If you did, then you might realize that this blog post is all about Photoshop.

Why? Because we didn't actually solve the puzzle. It was two thousand freaking pieces, most of which were identical sky and ocean, and it took us hours to just do a tiny portion. Here's how far we actually got after about 10 man hours:



At this point I commented jokingly to Robey that it would be easier for me to make a fake photograph of the solved puzzle than it would be to really solve it. He didn't believe me, so I had to take up the challenge. Here's how I did it:

(I should start by pointing out that the most important aspect of a successful Photoshop forgery is that it not arouse suspicion. Since any pixel in the image can be set to any color, it's impossible to convince a skeptical audience of the truth of the image. So once they suspect it, you've already failed. But if your audience is not yet suspicious, your image merely has to avoid raising doubt, which is pretty easy. It doesn't even have to be a really accurate forgery--- it just has to seem plausible to the viewer that the scene you are showing them could exist somewhere in the world.)

First I got an image of the completed puzzle from the box top, and a better one online:



My plan was to fit it onto the real photo of the incomplete puzzle.

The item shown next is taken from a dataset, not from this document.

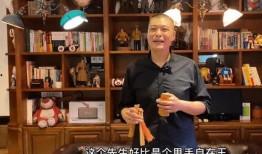 刘云天爆料视频大全最新,揭秘娱乐圈不为人知的一面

The problem with the incomplete puzzle photo is that it's full of evidence that the puzzle is incomplete. For example, it's suspicious to have extra puzzle pieces lying around on the table and in the box. So I cropped the box out and rubber-stamped away the puzzle pieces on the table:

From here, Photoshop's "Distort" mode under free transform made it easy to fit the completed puzzle image onto the photo of the table, like this:



Now there are several things wrong with this image as-is. The colors look overly perfect and don't match the lighting in the scene, and of course the image doesn't look like it's made of puzzle pieces. To get the appearance of a puzzle I found a handy puzzle grid online, which looked something like this:



A two thousand piece puzzle is a 40 by 50 grid, so I just repeated this grid in a big rectangle and then distorted it to fit the puzzle area. That looks basically like this:



By taking the magic wand tool out of "contiguous" mode I was able to select away the white pretty easily, leaving me with a plausible puzzle cut:



Unfortunately the next major problem is the lighting match. Compared to the real puzzle pieces, the image is far too saturated, and it needs to be lit with the natural daylight of the surrounding room. Here's a sample of the real puzzle, to show how it doesn't match:



I can fix the tint with a "curves" adjustment layer that greens up the image significantly, and gets rid of the unrealistic pink sky and bright colors in the buildings:



But the glare from the nearby window makes the real image look much less saturated. I can simulate the glare with a partially transparent radial white gradient fill, centering on the top of the puzzle. I also air-brushed in some black around the corners to emphasize the daylight glare:



As a final touch, I noticed that the glare from the window also catches the edges of the embossed puzzle pieces. Fortunately photoshop has an "emboss" filter which emulates this effect pretty well, so I add that to the top of the puzzle grid. That plus a little more glare and I have a plausible forgery:



If you saw this image side by side with a real finished puzzle on this table, you would probably know which one was fake. But remember, it doesn't have to look perfect, it just has to look plausible enough to avoid raising suspicion.

So did you suspect it?

(In my defense, these techniques are not purely nefarious: it's important to be able to convincingly post-process a photo whenever the camera has failed to capture the image you want to share with your viewer. Photoshop can restore the experience of being there, even if your camera lost it.)